## Problem
Please retype the data below line for line and leave out every picture.

## Source data
------
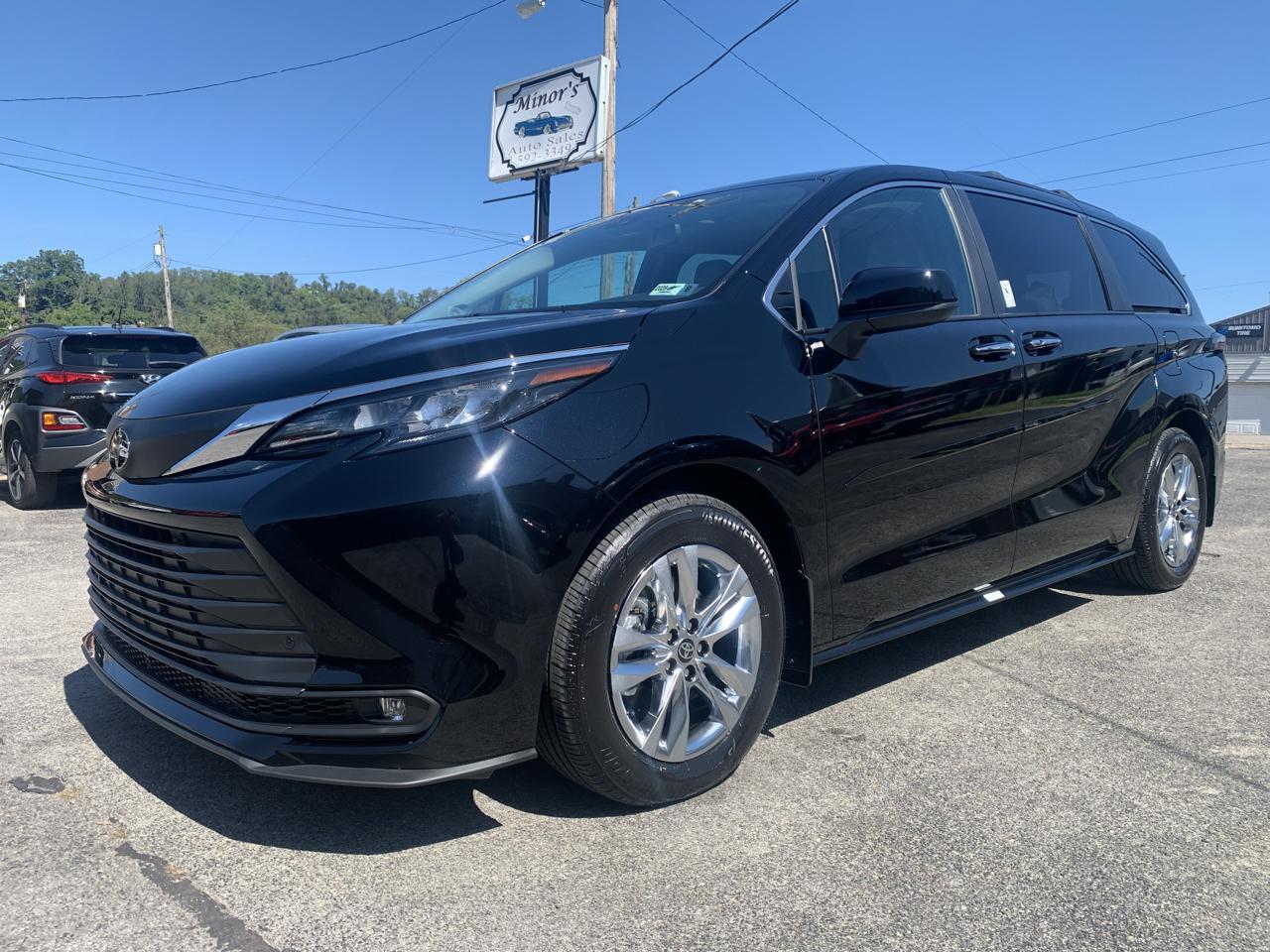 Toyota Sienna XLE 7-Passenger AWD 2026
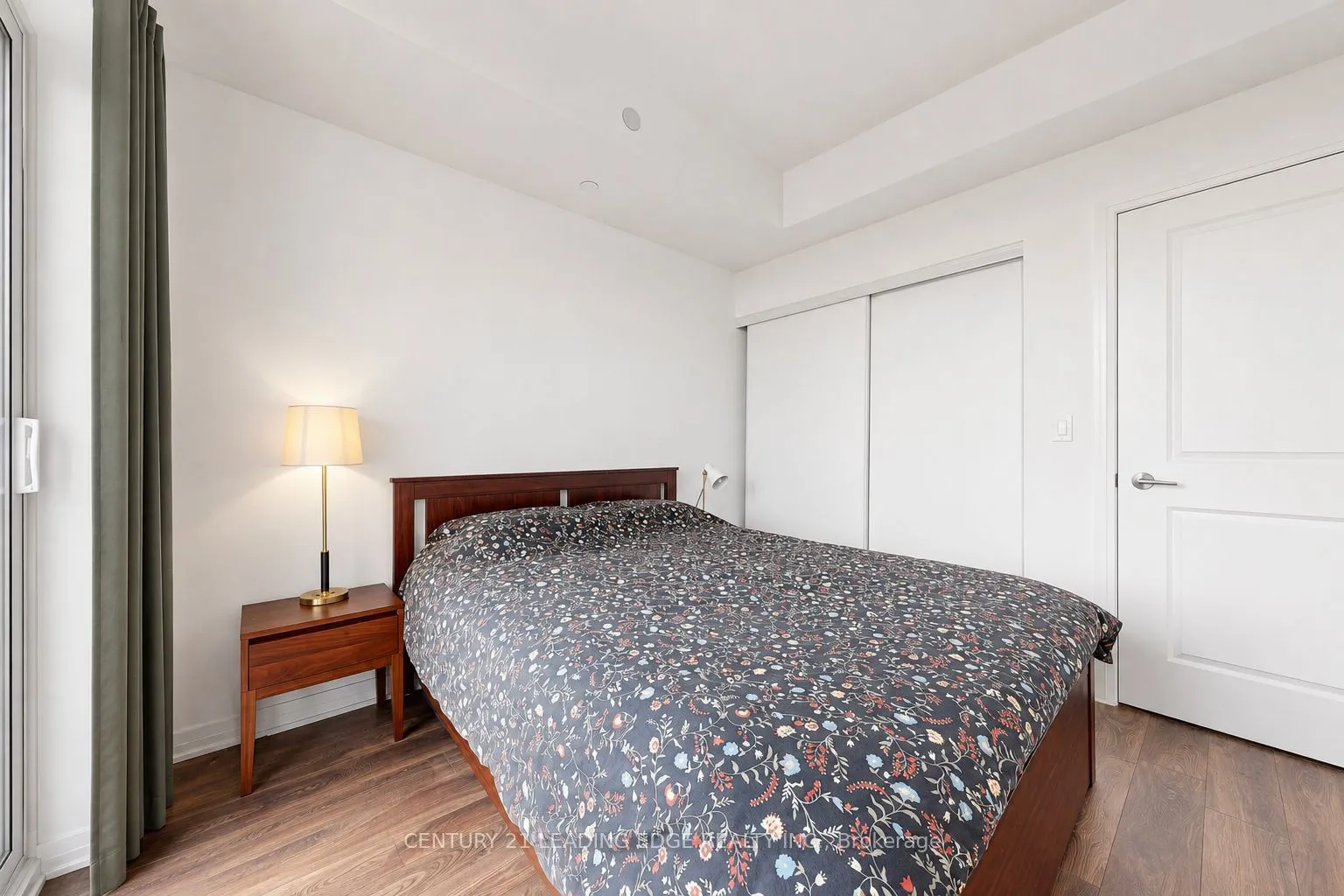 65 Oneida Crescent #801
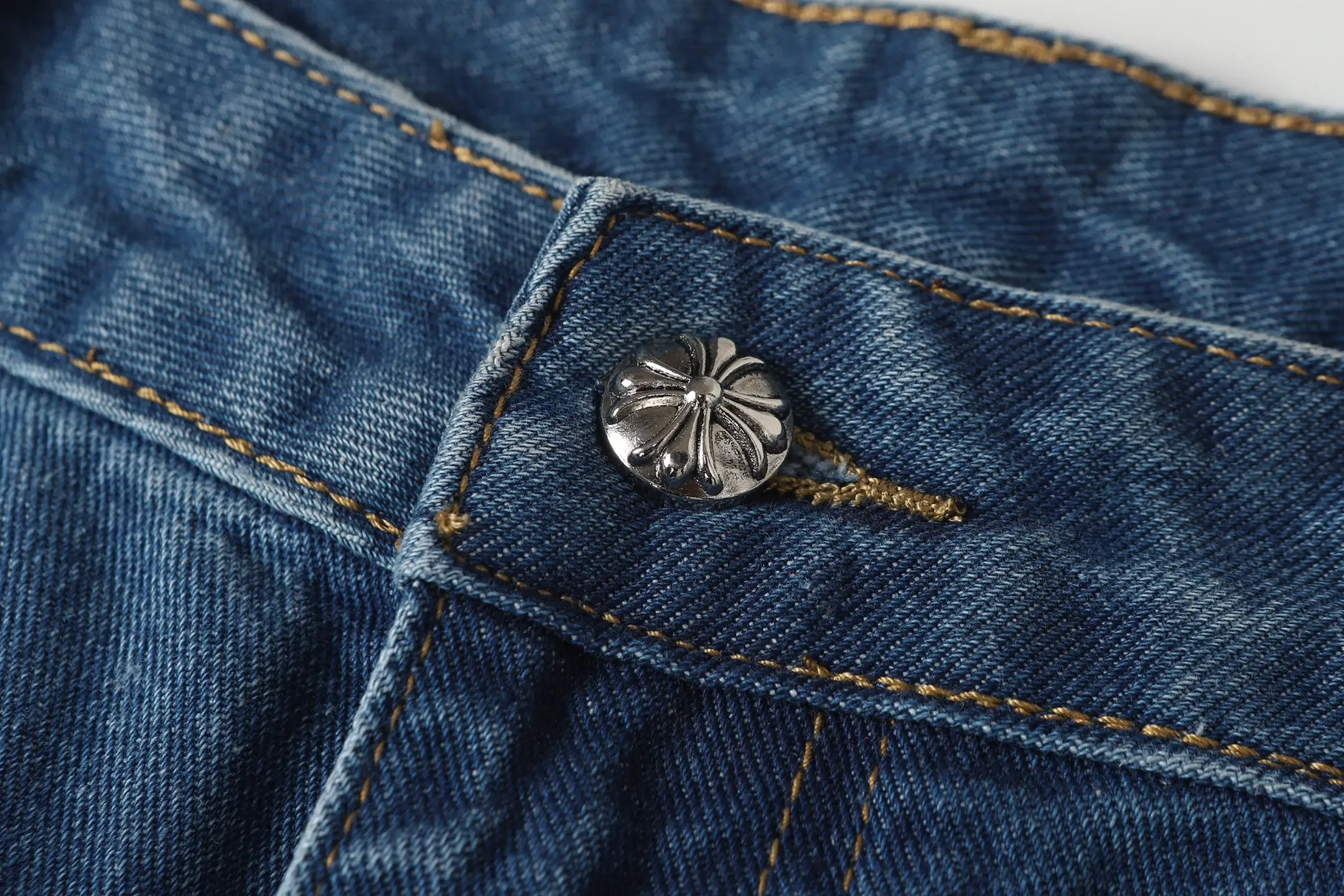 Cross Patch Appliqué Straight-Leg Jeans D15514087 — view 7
------
## Response
 Toyota Sienna XLE 7-Passenger AWD 2026
 65 Oneida Crescent #801
 Cross Patch Appliqué Straight-Leg Jeans D15514087 — view 7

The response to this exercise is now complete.